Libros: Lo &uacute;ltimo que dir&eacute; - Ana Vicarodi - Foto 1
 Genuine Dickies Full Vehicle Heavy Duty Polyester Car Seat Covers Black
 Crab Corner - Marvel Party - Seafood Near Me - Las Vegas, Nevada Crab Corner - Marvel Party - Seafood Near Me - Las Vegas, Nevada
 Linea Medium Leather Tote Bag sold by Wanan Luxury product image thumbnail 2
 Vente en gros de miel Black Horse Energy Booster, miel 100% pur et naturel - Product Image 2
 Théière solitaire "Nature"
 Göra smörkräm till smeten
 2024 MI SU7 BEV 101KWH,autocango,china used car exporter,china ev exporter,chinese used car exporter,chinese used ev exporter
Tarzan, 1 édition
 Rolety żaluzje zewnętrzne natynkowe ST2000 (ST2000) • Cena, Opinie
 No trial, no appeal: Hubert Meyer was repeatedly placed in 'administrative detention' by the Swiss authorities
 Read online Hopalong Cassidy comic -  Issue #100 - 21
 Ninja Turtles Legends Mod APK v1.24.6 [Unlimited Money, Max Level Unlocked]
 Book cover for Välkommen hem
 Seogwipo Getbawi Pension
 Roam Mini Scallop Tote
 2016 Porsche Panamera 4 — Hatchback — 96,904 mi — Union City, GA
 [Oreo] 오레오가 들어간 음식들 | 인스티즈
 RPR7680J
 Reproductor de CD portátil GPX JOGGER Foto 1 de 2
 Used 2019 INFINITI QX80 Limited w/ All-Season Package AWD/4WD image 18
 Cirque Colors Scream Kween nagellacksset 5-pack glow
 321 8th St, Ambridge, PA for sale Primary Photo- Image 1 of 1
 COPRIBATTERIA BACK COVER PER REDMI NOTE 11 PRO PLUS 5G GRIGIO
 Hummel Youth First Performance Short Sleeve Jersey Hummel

※ ※ ※

> WHAT TO PRODUCE: Restate word for word the entries above, starting at the line with "Tarzan, 1 édition" and ending at the line with "Ninja Turtles Legends", inclusive, and no others.

> EXPECTED OUTPUT:
Tarzan, 1 édition
 Rolety żaluzje zewnętrzne natynkowe ST2000 (ST2000) • Cena, Opinie
 No trial, no appeal: Hubert Meyer was repeatedly placed in 'administrative detention' by the Swiss authorities
 Read online Hopalong Cassidy comic -  Issue #100 - 21
 Ninja Turtles Legends Mod APK v1.24.6 [Unlimited Money, Max Level Unlocked]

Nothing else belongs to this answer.